Fisher’s Z Test

The Fisher’s Z test is a classical conditional independence test for continuous data. It is most powerful under the assumption of linear relationships and serves as a foundational method in statistical and causal discovery applications. Because of its computational efficiency, it remains the default test used in seminal causal discovery methods like the PC algorithm, even in modern high-dimensional settings (Kalisch & Bühlmann, 2007).

Mathematical Formulation

The test is based on the sample partial correlation coefficient, \(r = \rho(X, Y | Z)\). To create a test statistic with a well-behaved sampling distribution, the test relies on the Fisher’s Z-transformation, first developed to handle the “probable error” of correlation coefficients from small samples (Fisher, 1921). The transformation of the partial correlation \(r\) is given by:

\[Z(r) = \frac{1}{2} \ln\left(\frac{1+r}{1-r}\right)\]

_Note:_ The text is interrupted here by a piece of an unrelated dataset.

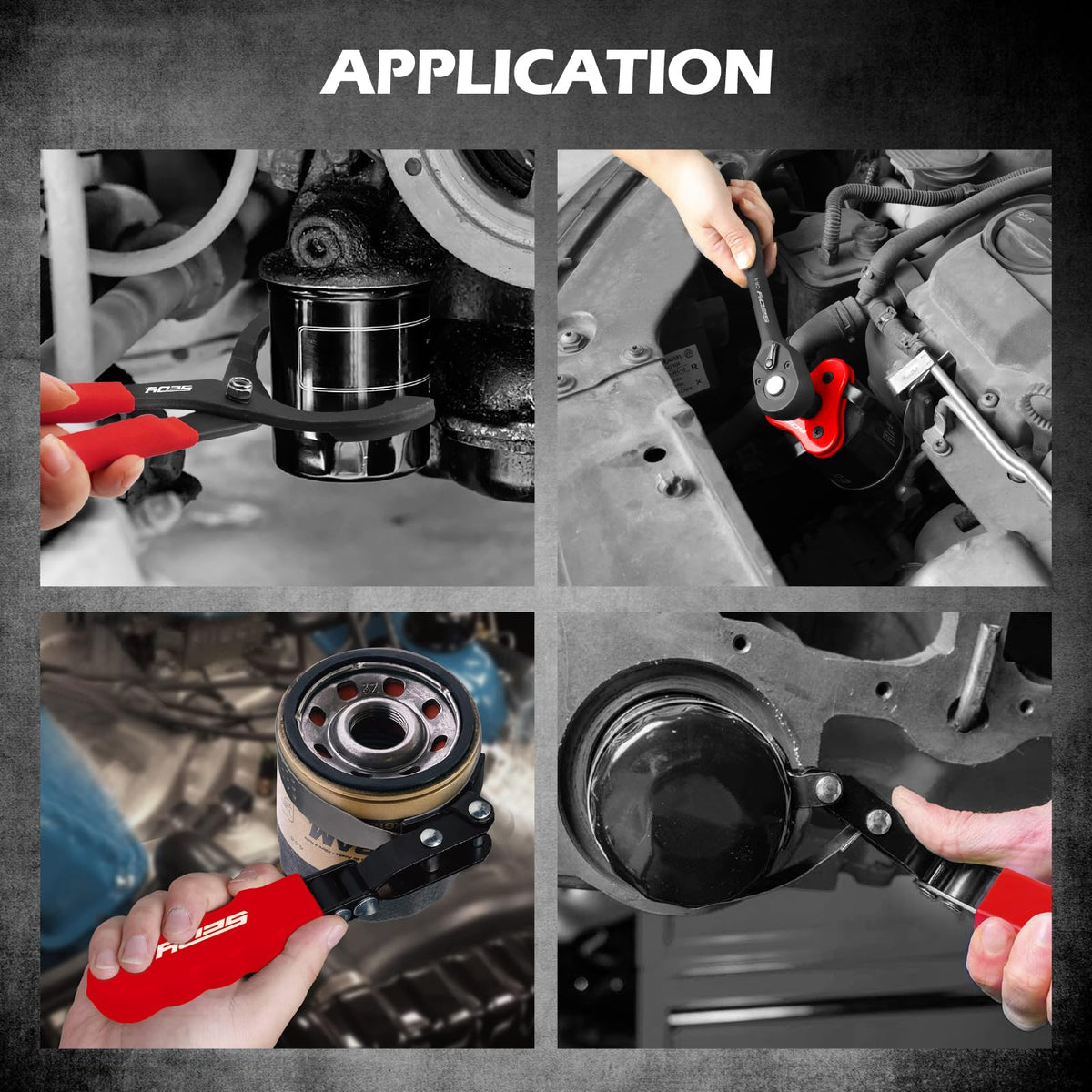SEDY kit beside oil filter showing size and fit guidance for buyers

This can also be expressed as the inverse hyperbolic tangent, artanh(r). This transformation stabilizes the variance and maps the correlation coefficient to an approximately normal distribution, a concept that was later explicitly extended to cover partial correlations (Fisher, 1924). The statistical properties and robustness of this transformation were later explored in extensive detail (Hotelling, 1953).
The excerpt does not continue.